Calls the DuckHTS `bcftools_score(...)` table function to compute sample-level polygenic scores from one genotype VCF/BCF file and one summary-statistics file.

Usage

rduckhts_score(
  con,
  bcf_path,
  summary_path,
  use = NULL,
  columns = "PLINK",
  columns_file = NULL,
  q_score_thr = NULL,
  use_variant_id = FALSE,
  counts = FALSE,
  samples = NULL,
  force_samples = FALSE,
  regions = NULL,
  regions_file = NULL,
  regions_overlap = 1,
  targets = NULL,
  targets_file = NULL,
  targets_overlap = 0,
  apply_filters = NULL,
  include = NULL,
  exclude = NULL
)

Arguments

con: A DuckDB connection with DuckHTS loaded
bcf_path: Path to genotype VCF/BCF file
summary_path: Path to summary-statistics file
use: Optional dosage source (`"GT"`, `"DS"`, `"HDS"`, `"AP"`, `"GP"`, `"AS"`)
columns: Optional summary preset (`"PLINK"`, `"PLINK2"`, `"REGENIE"`, `"SAIGE"`, `"BOLT"`, `"METAL"`, `"PGS"`, `"SSF"`, `"GWAS-SSF"`)
columns_file: Optional two-column summary header mapping file
q_score_thr: Optional comma-separated p-value thresholds (e.g. `"1e-8,1e-6,1e-4"`)
use_variant_id: Logical; if TRUE, match variants by ID instead of CHR+BP
counts: Logical; if TRUE, include per-threshold matched-variant counts
samples: Optional comma-separated list of sample names to subset (e.g. `"SAMP1,SAMP2"`)
force_samples: Logical; if TRUE, ignore missing samples instead of erroring
regions: Optional comma-separated region list (e.g. `"1:1000-2000,2:50-90"`)
regions_file: Optional path to a regions file
regions_overlap: Overlap mode for regions (`0`, `1`, or `2`).

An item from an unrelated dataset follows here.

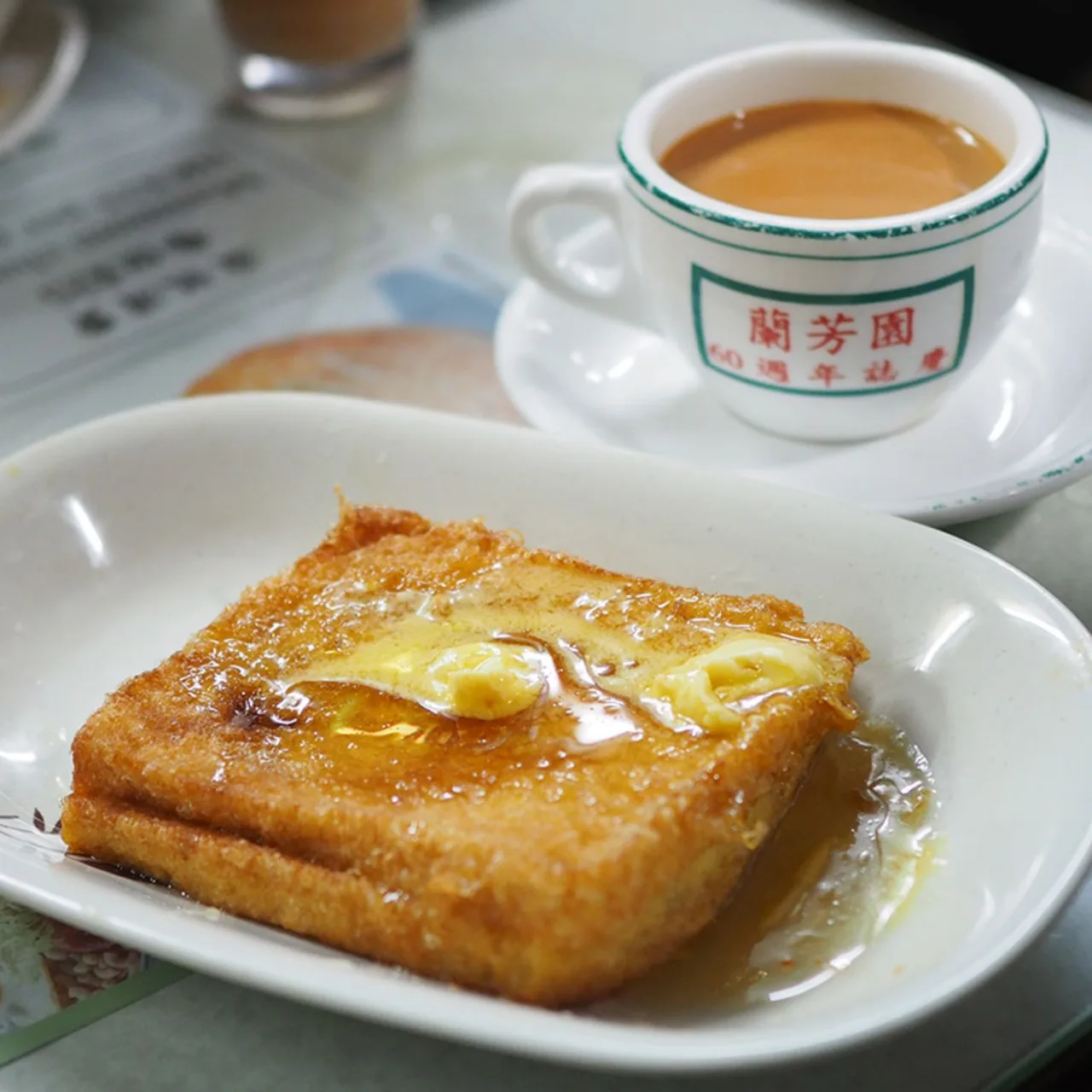 Bánh và trà sữa ở Lan Fong Yuen
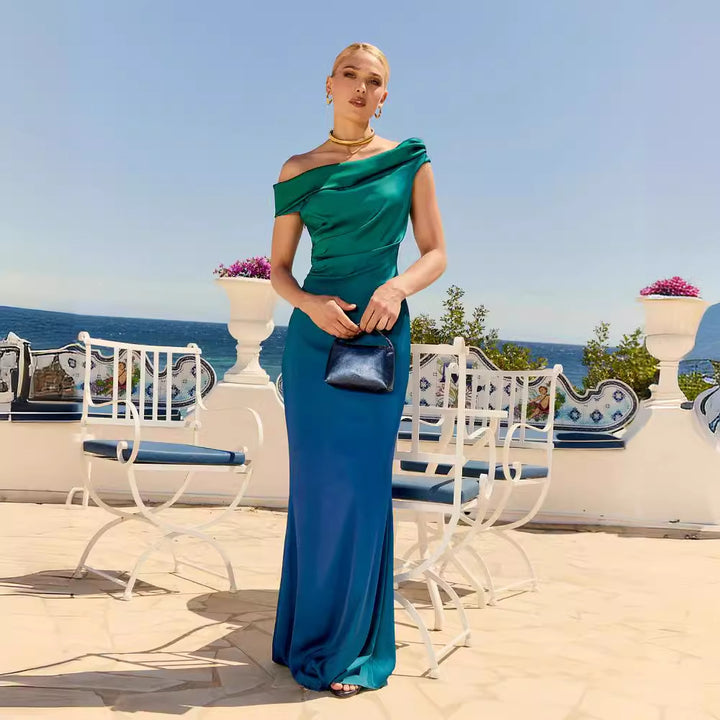 Kvinnors Elegant Kvällsklänning med Asymmetrisk Urringning och Flödande Snitt-Eva Jonsson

Default 1 (trim to region).
targets: Optional comma-separated targets list
targets_file: Optional path to a targets file
targets_overlap: Overlap mode for targets (`0`, `1`, or `2`). Default 0 (record must start in region).
apply_filters: Optional comma-separated FILTER names to keep (e.g. `"PASS,."`)
include: Optional site expression (currently unsupported)
exclude: Optional site expression (currently unsupported)

Value

A data frame with one row per sample and score/count columns.